R: How is the preparation for the new share issuance reform?
A: Based on further improvement of the inquiry system, the reform of the new share issuance mechanism, consisting of few contents but covering wide scope, needs to take a lot of factors into consideration. The smooth progression of the reform requires not only the careful organization and disposition of the regulatory authorities, but also the unified understanding and active cooperation of market participants. So far, we are actively implementing various reform requirements and steadily conduct all tasks.

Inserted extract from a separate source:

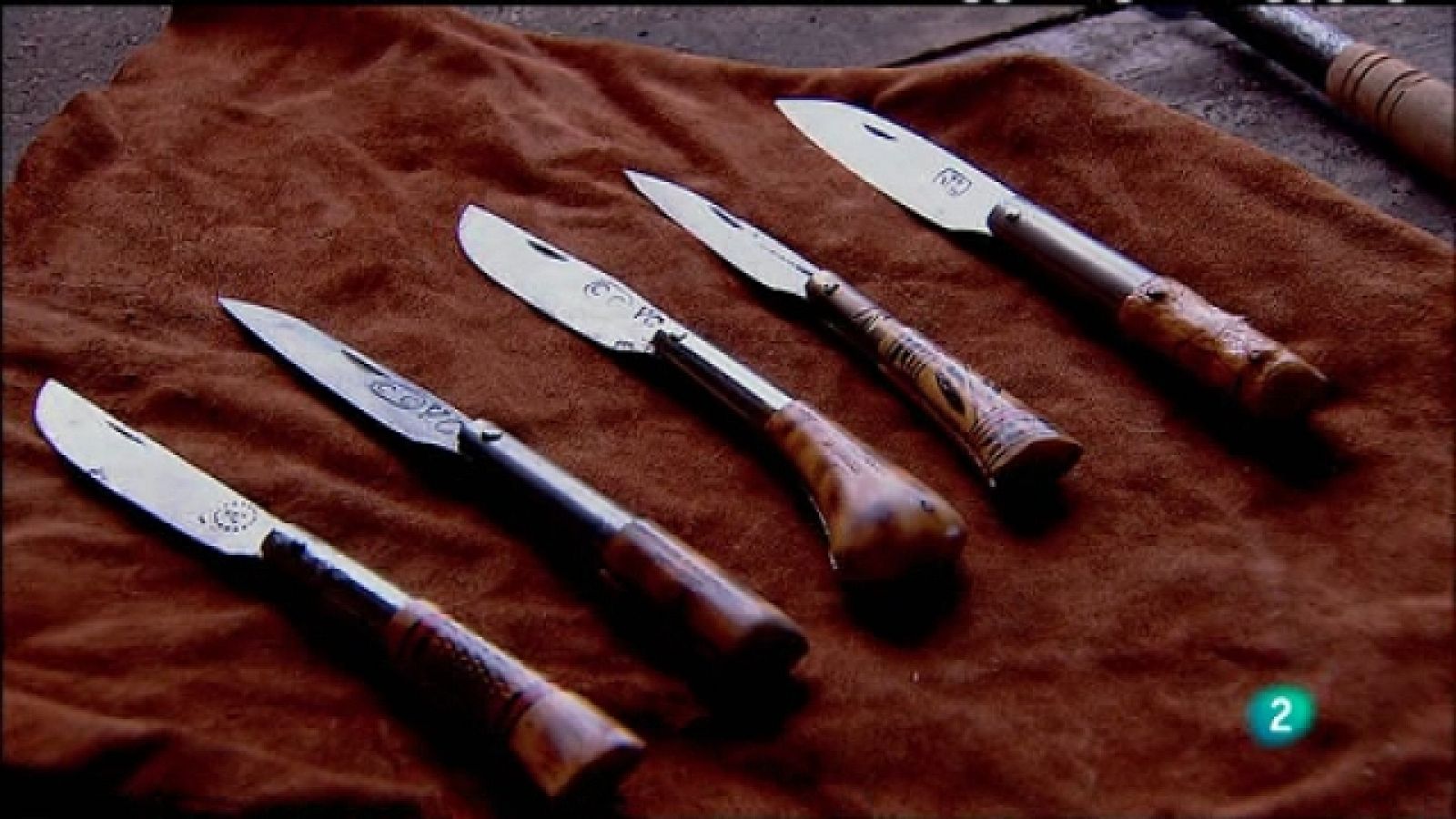 Biodiario - 23/12/10 - Biodiario | Ver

The CSRC has thoroughly discussed with units including the Shanghai Stock Exchange, the Shenzhen Stock Exchange, the depository and clearing companies and the securities associations regarding the adjustment of such technical systems as the offline electronic subscription platform and the depository and clearing platform as well as the formulation of relevant operational rules. All relevant units are pressing on with the technical preparations such as the system adjustment and the rule formulation. We have also organized the underwriters’ meeting recently to discuss the “Guidance Opinions” to promote the underwriters to correctly understand various reform requirements, fulfill their responsibilities in an all-around way and provide professional services. Generally speaking, various tasks are in orderly and smooth progress.

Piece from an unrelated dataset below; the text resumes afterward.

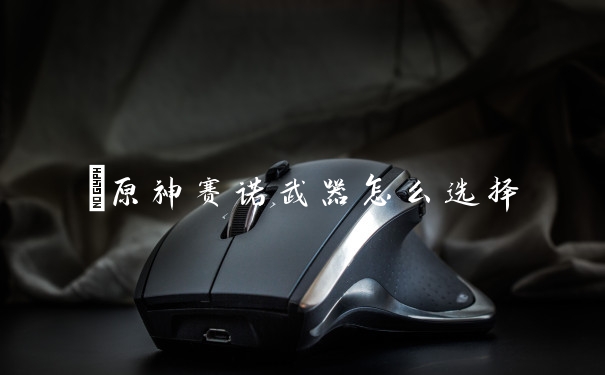 ​原神赛诺武器怎么选择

R: What are the expectations for the market effect of the issuance system reform?
A: The general goal of the reform is to optimize the price discovery function by improving the market-oriented pricing mechanism; to push the buyer (investors) to strengthen the restraint over the seller (issuers) and continuously enhance the restraint power of the buyer; to value the participation intents of small and medium investors and properly lift the lot-winning proportion.
We think that these goals, not difficult and attainable, will promote the stock market in a positive way in the long-run. But in recent period, the issuance of the first stock or a few stocks after the adoption of the new system may not bring about satisfactory results to various parties but lead to inconsistent opinions. For example, the unsound market restraint system and the weak restraining power of the buyers may result in the excessively high issuance price, so the price on the first day of listing might be lower than the issuance price. Another possibility is the spread between the primary market and the secondary market is still relatively high on the first day of listing due to the over speculation on the secondary market. All this may raise doubts about the effect of the reform and bring risks to the issuers, investors and underwriters, which should be paid attention to and dealt with by various participants. It is understandable to have relatively great differences at the beginning of the reform, which will be gradually stabilized after a period of time, and the participants should be confident about it.
The reform and the fostering of the mechanism is a gradual process, which can not be done at one time. It requires earnest and prudent participation of various market participants. By fulfilling the responsibilities and protecting their interests, market participants should implement various arrangements for greater improvement in the market-oriented process of the new share issuance system.